Canola prices have jumped in value this week in a move that will make the oilseed a more popular crop in winter rotations this year.
In Western Australia, prices have been quoted by Cargill Australia’s Kwinanna site at $802 a tonne, but growers in that state say they will wait for an autumn break before making major sowing decisions.
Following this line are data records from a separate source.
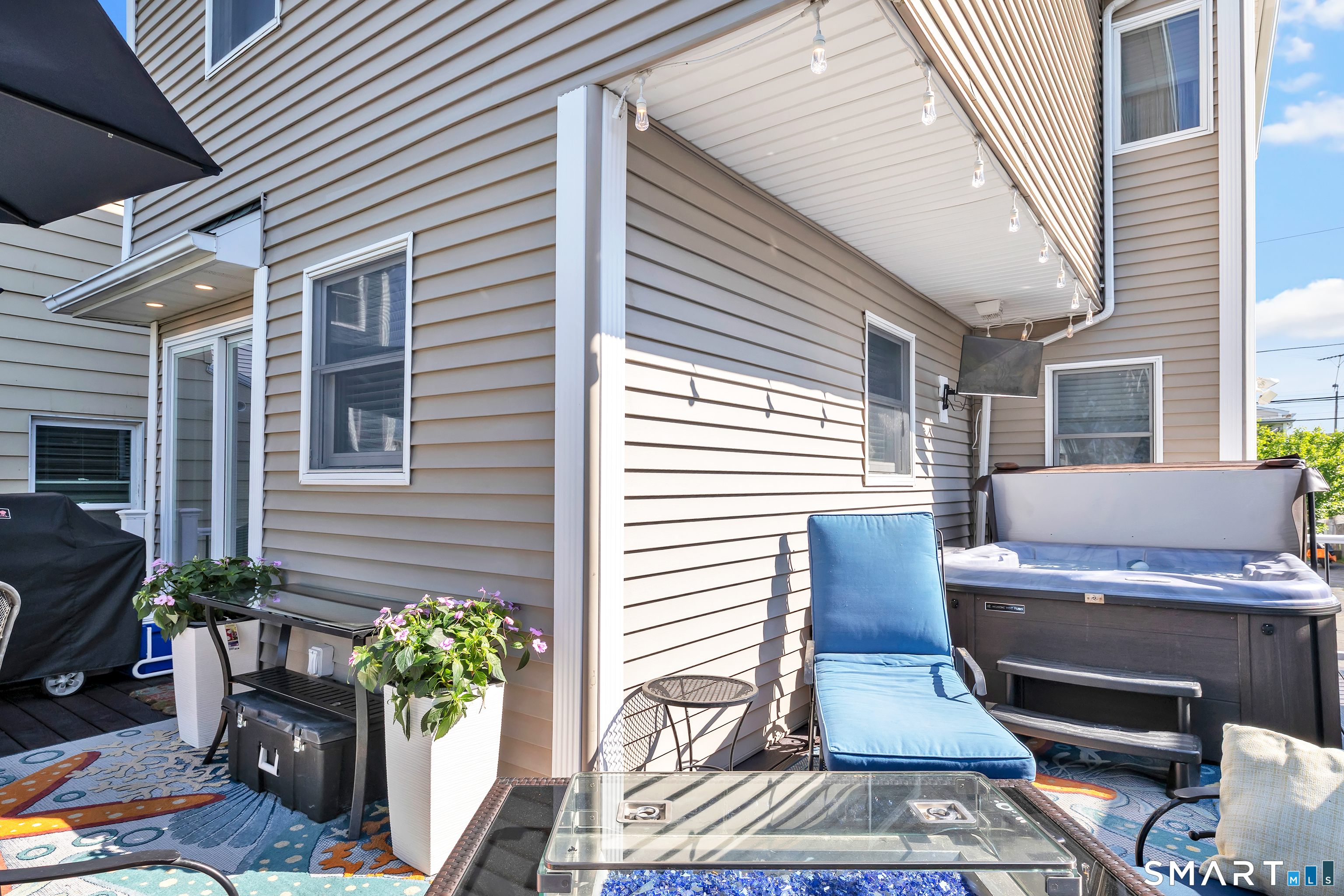 Milford, Connecticut, 06460, United States, 4 Bedrooms Bedrooms, ,2 BathroomsBathrooms,Residential,For Sale,2048246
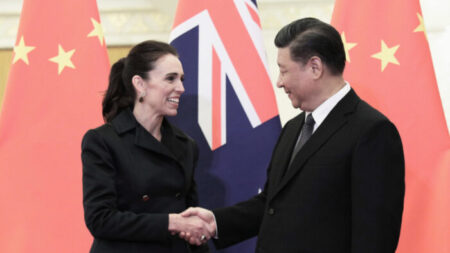 Reunión “constructiva”: Ardern le dice a Xi Jinping que le preocupa Taiwán y los DD.HH. en China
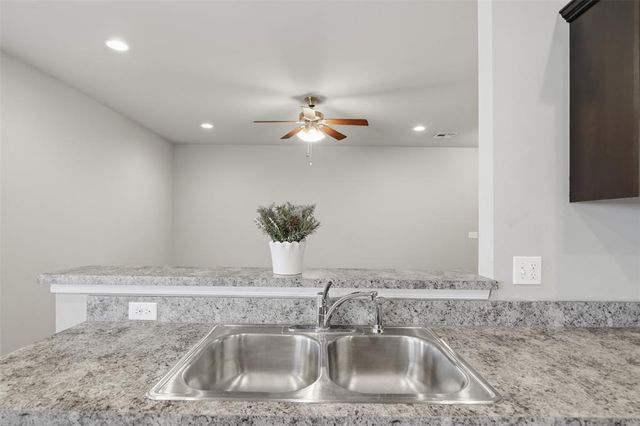 1860 Sussex Street, Newcastle, OK 73065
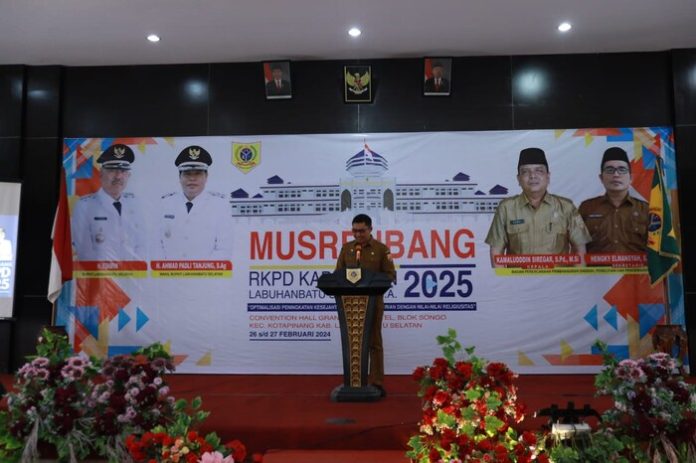 Sekda saat membuka acara Musrenbang RKPD Labusel (f:oel/mistar)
Cargill is quoting canola at Geelong at $765.
Southern NSW grains and cropping farmer Ben Langtry of Marrar said the price was certainly a factor, but soil moisture levels were just as important when factoring in canola.
“We have had a bit of rain, up to 90mm in February, and that gave us confidence to stick with a normal program,” he said.
Before that, he was on the verge of reducing the amount of canola sown.
“If we didn’t have subsoil moisture, it makes it a lot riskier, and it is an expensive crop to grow,” he said.
“I noticed the better prices this week, and that also gives confidence, but it is a long way away until we can take the price, There are a lot of factors that can change,” he said.
Mr Langtry will sow wheat, barley, canola and lupins this year, and if southern NSW benefits from rain in the aftermath of Tropical Cyclone Alfred, there might be an opportunity to sow some early grazing crops.
“If we get this rain, we could sow a few paddocks next week,” he said.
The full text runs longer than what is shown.